Что за странная метель накатилась сюда однажды из засугробленных оврагов и в одну ночь перемешала все, что было на стенах, перекрутила, перекорежила, искособочила и с визгом отскочила в темень, тешась содеянным?
В далеком 1234 году, за четыре года до нашествия степных орд, здесь, в Юрьеве, будто в томящем предчувствии близких бурь, каменщики возвели строение, которому суждено было не только прозвучать мощным финалом «золотого века», но и всю русскую культуру предыдущих веков озарить высоким прощальным светом.
Собору посчастливилось уцелеть в воинских бурях, и он более двухсот лет простоял, пока не сделался «ветх днями». В XV веке произошла катастрофа — своды Георгия рухнули. О том, как ценилось это здание на Руси, говорят быстрые и решительные действия Москвы, пославшей на восстановление храма известного архитектора В. Ермолина.

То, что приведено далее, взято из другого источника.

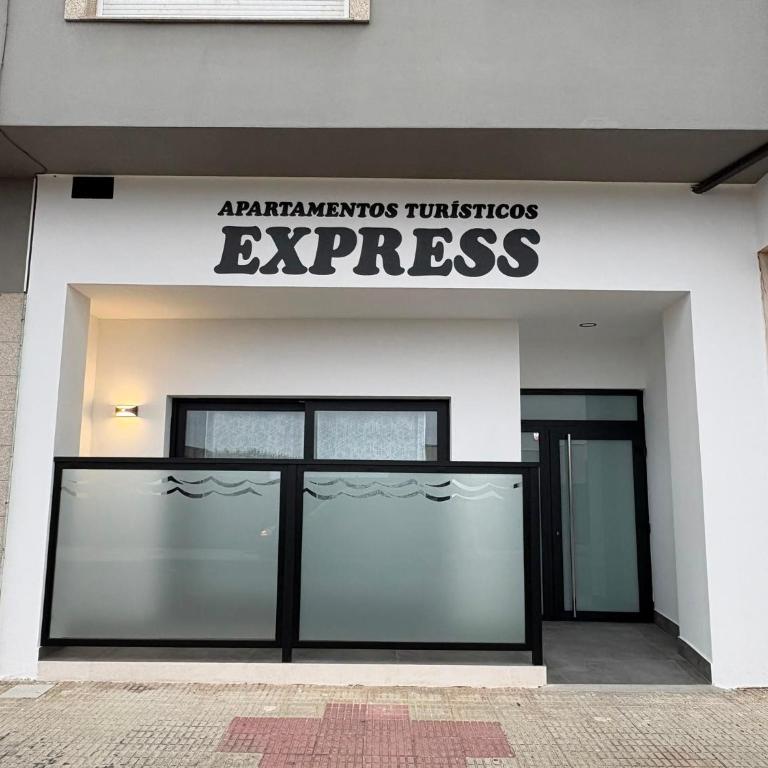 Apartamentos Express - Apartamento de 1 dormitorio - 1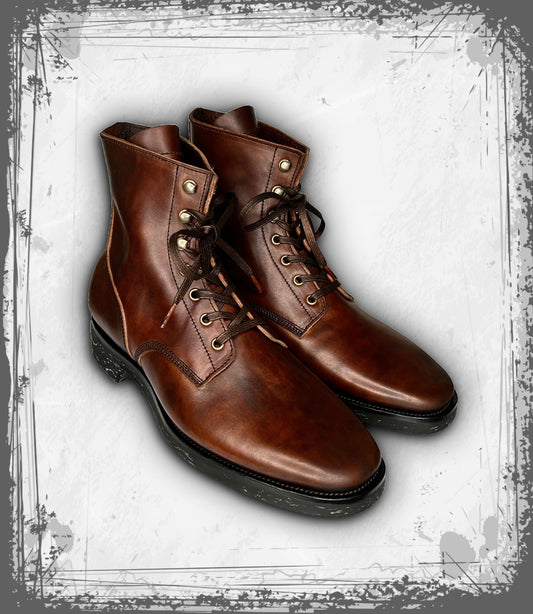 Dirty Horsebutt Boondockers (Guidi)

Легче всего бранить Ермолина за спешную и неумелую реставрацию. Но будем помнить о том, что большое все-таки видится на расстоянии. Ермолин этого большого увидеть не сумел или не смог и даже невольно сделал его малым: дело не только в том, что в новом виде храм сделался значительно ниже, приземистей, кургузей, чем был вначале. Самое плачевное было в том, что своды и стены возводились из первых попавшихся под руку плит, по мере того как извлекали их из руин, и вот в результате лев угодил под ноги ангелов «Ветхозаветной Троицы», «отроки эфесские» лежат в разных местах, а для множества фигур, масок, композиций места на стенах не нашлось.